この校長先生は、学校を退職した後も隣に住んでいる真奈美のことをよく気にかけてくれていて、「学校では何を習ってきたの」とか「この熟語はどういう意味か知ってる?」とか、よく質問されたことを覚えている。
今思うと、家でも先生気質が抜けなかったんだね。
西の中川さんちのご主人は、身体が弱く、喉の手術をしたのか喉に大きな穴が開いていて、いつも喉を布で覆っていた記憶がある。
こちらの息子さんたちも優秀で、一人は京都大学、もう一人は東京の方の大学に行っていたのかな?よく知らないが、この一番若いおにぃ……おじさんが、うちのおじいちゃんの葬式の時に来ていたことだけは覚えている。
この辺りでは「一等内」といって、何代か前の親戚でも、親族付き合いがあったみたいだ。
さて、肝心な真奈美の家族だが、このクレーバーな親族とは一線を画した存在だった。
真奈美の祖父、常夫さんは、水飲み百姓の六男という極貧の生まれにもかかわらず、家の後を継いで、いや継がされてしまったという、なんともお気の毒な人であった。
五人のお兄さんたちは、貧しい家に縛り付けられるのが嫌で、成人すると次々に東京や関西方面に出て行ってしまった。残ったのが、うちのおじいちゃんというわけだ。
おじいちゃんのすぐ上の、五男になる「東京のおじちゃん」だけは、真奈美もよく知っている。世界中を飛び回るのが好きな人で、よく旅の土産話を聞かせてくれた。
この人は祭り寿司が大好きで、秋祭りの時期にはどこにいてもちゃんと実家に帰ってきていて、「美味しい美味しい」と言いながら、しこたまお寿司をほおばっていた。その上、お土産に祭り寿司のお重を要求するのだから、なんとも欲求に素直な人だった。
今から思うと、うちのおばあちゃんや母さんは、よくこんな我儘な親戚とニコニコと付き合っていたものだ。太っ腹というかなんというか、時代に許容力があったとしか思えない。
苦労人の祖父、常夫さんはそんな好き勝手に生きている兄弟たちとも多寡なく付き合っていて、若い頃は薬の行商人だった父親のことを手伝っていたらしい。

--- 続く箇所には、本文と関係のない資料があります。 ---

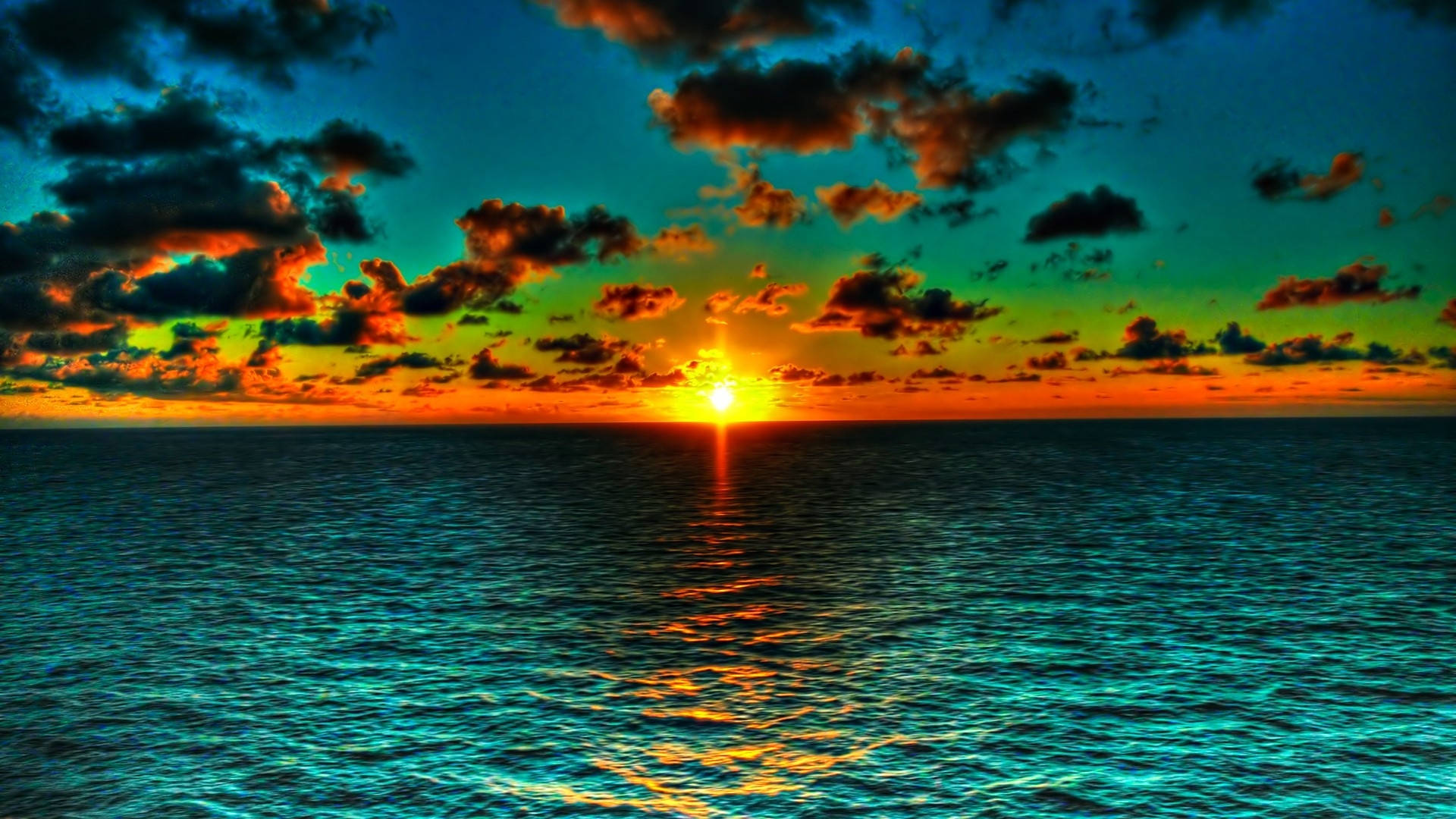 The Sun Is Setting Over The Ocean Background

けれど、その行商人の父親も早くに亡くなった時、人生の方向転換を考えたそうだ。
母親は祖父が二歳の時にはもう亡くなっていたし、自分に科せられていたすべての頸木から解き放たれたような気分だったんだろうね。
祖父は思った「この貧しさから、抜け出さんといかん!」
まずは「金」だっ。
目を剥いて金を稼ぐことに躍起になっていった祖父。けれどもお金は、稼ぐそのそばから手のひらをすり抜けるようにどこかへ行ってしまう。
努力は惜しんでいないのに、一向に楽にならない生活。
最初の妻には逃げられ、丈夫だと太鼓判を押されてもらった二人目の妻は、大きな体格をしているのに病気がちだった。

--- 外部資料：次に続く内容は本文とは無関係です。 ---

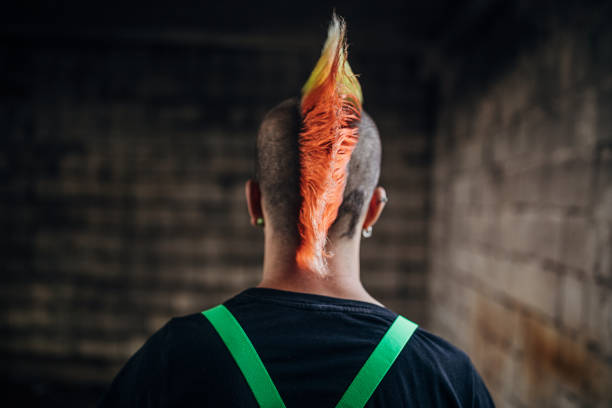 Rear view of young panker colorful coiffure Young male punker standing in abandoned warehouse. mohawk stock pictures, royalty-free photos & images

生きる意欲を見失いそうになっていた祖父に、親切な隣人が声をかけてくれた。
「道徳じゃよ、ツネさん。品格を高めないと、いくら努力してもいくらお金を稼いでも、水が漏れるバケツといっしょじゃ。バケツの穴をふさいで器を大きくしてみたらどうじゃ」
今から思うと怪しい新興宗教のように聞こえるが、心底困っていた祖父には、その教えがうってつけだったらしい。
真奈美がかつて観ていたテレビドラマではないけれど、「徳を積む」ことを目標にして頑張っていたら、自然に優しい人が周りに集まってきて、困っていても他人に助けられたり、またこちらからも助けたりするうちに、無理なく生活が向上していったそうだ。
人は一人では生きていけない。人という生物は人との間で生きていくものなんだな。
じいちゃんの昔語りを聞いた時、真奈美はそんなことを感じたのを覚えている。